福州自汉始起先后六次建成冶城、子城等城垣,城市由北向南扩展,整个布局以山为屏障,形成面向大海的簸箕状。以这条大街为中轴,两侧成坊成巷,呈鱼骨状散开,逐步形成繁华街区。清末民初,此处便是福州的商业中心,柴米油盐、日常生活所需三十六店(各行各业)一应俱全,元宵、中秋两节还有灯市。所谓“三坊”是:衣锦坊、文儒坊、光禄坊,“七巷”则为:杨桥巷、郎官巷、安民巷、黄巷、塔巷、宫巷、吉庇巷。只是,我在匆忙中的走马观花中只走了“两坊四巷”;衣锦坊、文儒坊和郎官巷、安民巷、黄巷、宫巷。

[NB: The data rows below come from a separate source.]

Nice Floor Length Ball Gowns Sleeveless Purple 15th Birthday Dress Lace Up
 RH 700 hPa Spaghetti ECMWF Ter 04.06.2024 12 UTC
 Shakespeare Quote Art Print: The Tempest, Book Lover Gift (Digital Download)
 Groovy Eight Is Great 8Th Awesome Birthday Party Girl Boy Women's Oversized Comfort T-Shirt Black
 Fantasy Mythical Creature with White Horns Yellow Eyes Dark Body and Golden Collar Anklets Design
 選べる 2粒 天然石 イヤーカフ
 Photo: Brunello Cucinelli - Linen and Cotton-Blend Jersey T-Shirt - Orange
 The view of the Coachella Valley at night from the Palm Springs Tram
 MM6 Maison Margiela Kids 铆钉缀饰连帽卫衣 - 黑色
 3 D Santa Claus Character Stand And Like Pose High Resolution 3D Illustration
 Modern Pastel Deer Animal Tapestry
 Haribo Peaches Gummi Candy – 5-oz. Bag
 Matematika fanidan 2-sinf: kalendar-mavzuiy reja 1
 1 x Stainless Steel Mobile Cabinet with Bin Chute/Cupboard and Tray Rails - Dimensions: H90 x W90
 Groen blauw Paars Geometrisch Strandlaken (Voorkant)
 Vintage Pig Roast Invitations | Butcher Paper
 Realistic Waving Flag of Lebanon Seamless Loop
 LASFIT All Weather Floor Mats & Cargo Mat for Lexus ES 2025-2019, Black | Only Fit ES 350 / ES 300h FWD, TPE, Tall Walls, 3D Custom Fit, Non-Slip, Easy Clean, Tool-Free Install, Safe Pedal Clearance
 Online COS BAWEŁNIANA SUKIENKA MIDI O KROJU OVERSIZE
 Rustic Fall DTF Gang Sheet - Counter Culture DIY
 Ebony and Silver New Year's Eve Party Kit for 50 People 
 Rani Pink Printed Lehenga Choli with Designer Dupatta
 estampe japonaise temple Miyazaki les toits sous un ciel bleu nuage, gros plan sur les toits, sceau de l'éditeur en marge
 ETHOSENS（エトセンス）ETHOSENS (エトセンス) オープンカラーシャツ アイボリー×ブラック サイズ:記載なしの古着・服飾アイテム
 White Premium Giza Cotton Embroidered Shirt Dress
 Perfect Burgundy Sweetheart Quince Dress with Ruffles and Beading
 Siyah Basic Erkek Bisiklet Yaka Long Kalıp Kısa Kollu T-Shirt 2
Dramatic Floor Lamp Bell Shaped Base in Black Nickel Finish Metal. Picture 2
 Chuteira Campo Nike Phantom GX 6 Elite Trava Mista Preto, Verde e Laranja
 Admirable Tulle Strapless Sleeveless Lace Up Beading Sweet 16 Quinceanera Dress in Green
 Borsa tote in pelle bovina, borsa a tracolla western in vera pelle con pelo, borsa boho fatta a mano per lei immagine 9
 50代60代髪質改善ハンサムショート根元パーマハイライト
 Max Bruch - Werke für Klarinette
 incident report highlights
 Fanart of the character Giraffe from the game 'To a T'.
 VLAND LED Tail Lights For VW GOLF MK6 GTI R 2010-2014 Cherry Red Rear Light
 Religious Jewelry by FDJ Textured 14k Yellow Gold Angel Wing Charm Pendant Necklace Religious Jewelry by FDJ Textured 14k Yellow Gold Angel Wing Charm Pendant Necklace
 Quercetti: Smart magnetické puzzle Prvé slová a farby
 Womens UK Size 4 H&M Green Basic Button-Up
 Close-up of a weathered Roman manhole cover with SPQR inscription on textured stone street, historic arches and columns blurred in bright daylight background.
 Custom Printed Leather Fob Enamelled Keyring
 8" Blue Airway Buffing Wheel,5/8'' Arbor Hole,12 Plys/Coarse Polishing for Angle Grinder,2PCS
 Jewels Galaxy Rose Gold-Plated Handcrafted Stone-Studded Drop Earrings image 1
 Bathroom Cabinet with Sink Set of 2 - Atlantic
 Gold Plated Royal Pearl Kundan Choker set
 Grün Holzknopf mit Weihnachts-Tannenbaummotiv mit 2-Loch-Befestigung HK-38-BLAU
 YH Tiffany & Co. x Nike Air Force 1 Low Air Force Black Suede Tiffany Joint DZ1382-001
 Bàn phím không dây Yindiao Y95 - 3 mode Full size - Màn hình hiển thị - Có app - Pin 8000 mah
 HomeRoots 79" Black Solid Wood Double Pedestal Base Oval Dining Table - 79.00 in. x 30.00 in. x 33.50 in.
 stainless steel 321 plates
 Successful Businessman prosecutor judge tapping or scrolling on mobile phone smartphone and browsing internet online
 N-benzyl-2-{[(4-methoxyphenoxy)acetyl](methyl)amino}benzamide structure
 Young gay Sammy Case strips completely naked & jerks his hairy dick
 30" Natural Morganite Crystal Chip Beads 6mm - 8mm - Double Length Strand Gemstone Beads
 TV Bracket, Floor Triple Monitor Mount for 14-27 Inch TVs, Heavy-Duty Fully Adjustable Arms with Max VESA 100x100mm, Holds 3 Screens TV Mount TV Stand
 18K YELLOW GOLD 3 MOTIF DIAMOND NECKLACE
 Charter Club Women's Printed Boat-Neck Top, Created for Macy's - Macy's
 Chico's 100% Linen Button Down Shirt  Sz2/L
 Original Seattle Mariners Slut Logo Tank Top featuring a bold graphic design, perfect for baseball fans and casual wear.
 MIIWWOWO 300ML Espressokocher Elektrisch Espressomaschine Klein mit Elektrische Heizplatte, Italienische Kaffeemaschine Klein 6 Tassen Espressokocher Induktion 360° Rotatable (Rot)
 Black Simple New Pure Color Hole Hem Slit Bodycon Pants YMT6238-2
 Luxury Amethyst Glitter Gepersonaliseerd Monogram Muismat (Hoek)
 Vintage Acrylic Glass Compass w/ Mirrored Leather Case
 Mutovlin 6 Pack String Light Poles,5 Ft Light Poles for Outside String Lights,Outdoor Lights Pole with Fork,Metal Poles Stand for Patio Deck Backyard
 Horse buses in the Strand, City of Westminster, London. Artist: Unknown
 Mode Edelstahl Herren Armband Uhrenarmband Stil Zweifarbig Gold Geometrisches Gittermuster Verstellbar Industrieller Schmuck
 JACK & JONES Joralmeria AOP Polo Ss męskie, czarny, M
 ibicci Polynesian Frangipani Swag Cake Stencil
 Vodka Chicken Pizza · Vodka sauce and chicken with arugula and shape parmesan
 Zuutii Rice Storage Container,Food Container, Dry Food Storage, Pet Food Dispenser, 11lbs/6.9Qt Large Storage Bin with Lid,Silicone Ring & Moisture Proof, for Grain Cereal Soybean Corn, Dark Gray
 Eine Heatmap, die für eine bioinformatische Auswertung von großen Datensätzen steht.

跨过南后街的牌坊,古旧的街区石板铺地,粉墙黛瓦,亭阁相间,巷陌幽深,俨然唐宋的坊墙格局。与北京什刹海烟袋斜街,山西祁县晋商老街,同誉为三大中国历史文化名街。走入其中,但见坊墙纵横,宽大的石板铺得平整而严密,百年以上的大榕树以它的伞状树冠庇护着老街,清癯的椰子树在风中微微摇曳。街边的一组组铜雕作品复原着历史的场景,比如裱褙、银作、对弈、肩荷叫卖。既可以看到唐末分段筑墙传统的痕迹,也可以领略西风东渐后的小洋楼。马鞍墙与罗马柱,雕花窗与发券门并存。百年老字号端起阅尽沧桑的架子,时尚小店则表露一派天真烂漫的好奇。行数百步,老街中央就有一两个凉亭供游人小憩,你也可以从店铺里端了鱼丸汤、烧肉粽等小吃来这里坐下,吃着笑着,享受着南国凉爽的晚风,感受福州宛如闽江般缓缓流淌的生活节奏,百年古街,千年古巷,古风遗韵,在这里浓缩和诉说。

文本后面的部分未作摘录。